Restoring justice is fundamental. We must remember that as a result of certain decisions, the number of members on the Immigration and Refugee Board of Canada has gone from two to one. The implementation of the refugee appeal division was to restore justice and to compensate, to a certain extent, for the reduction of the number of board members. Today, there is only one member who sits on the Immigration and Refugee Board and the appeal division has yet to be established. It is the worst possible situation for a refugee claimant.
In the past, this government as well as the previous Liberal government indicated that there were a number of safety nets. In 2006, the government claimed that people could apply for refugee status when they crossed the Canadian border. Of course they could not be returned to their country of origin provided that a proper application had been made to the commission. We agree that they should have been protected by the Charter of Rights and Freedoms.

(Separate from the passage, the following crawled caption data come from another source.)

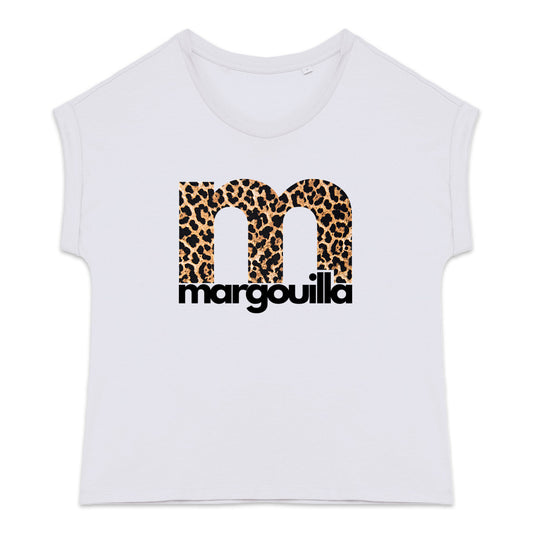 T-shirt femme bio manches à revers  léopard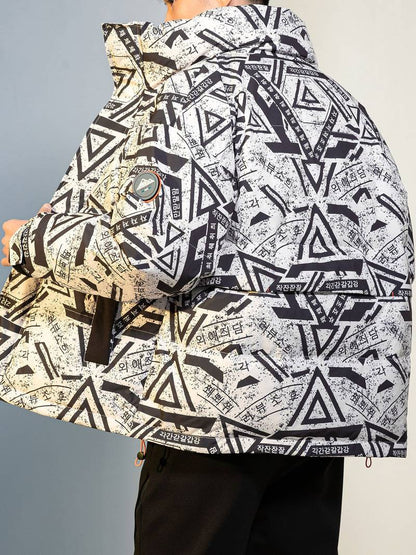 Herren Pufferjacke Geometrisches Muster - IdealeKleiden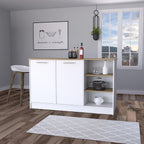 Melamine Kitchen Island with Two Doors and Three Open Shelves | two doors with internal shelves and three open storage shelves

The minister told us that there were safety nets, including pre-removal risk assessment, known as PRRA. People can also apply for permanent residency under certain conditions and on compassionate grounds, known at the time as the 114.(2). The government said that everything needed was in place in order for claimants to appeal. The government considered these two mechanisms to be appeals. In reality, that is not the case.
I will take a few minutes to remind the House of what the Minister of Citizenship and Immigration said in 2006.
People already have endless possibilities when it comes to a judicial review before the Federal Court or applying for permanent residency on compassionate grounds. We must look at the (immigration) system as a whole before deciding whether or not to establish an appeal division.
Let us go further and examine this immigration system to see whether, indeed, these two provisions, these two chances people have to appeal, according to the minister, actually work. What is the reality? The reality is that as far as the pre-removal risk assessment reviews are concerned, claimants can ask the Federal Court to review their file. What is the reality? Just because a claimant asks the Federal Court to review their file does not necessarily mean that their file will be reviewed. The Federal Court has agreed to review a file in only 4% of cases. Let us be clear: the Federal Court does not examine the merits of the case. Some new evidence may be added, but the court will never examine the merits of the case.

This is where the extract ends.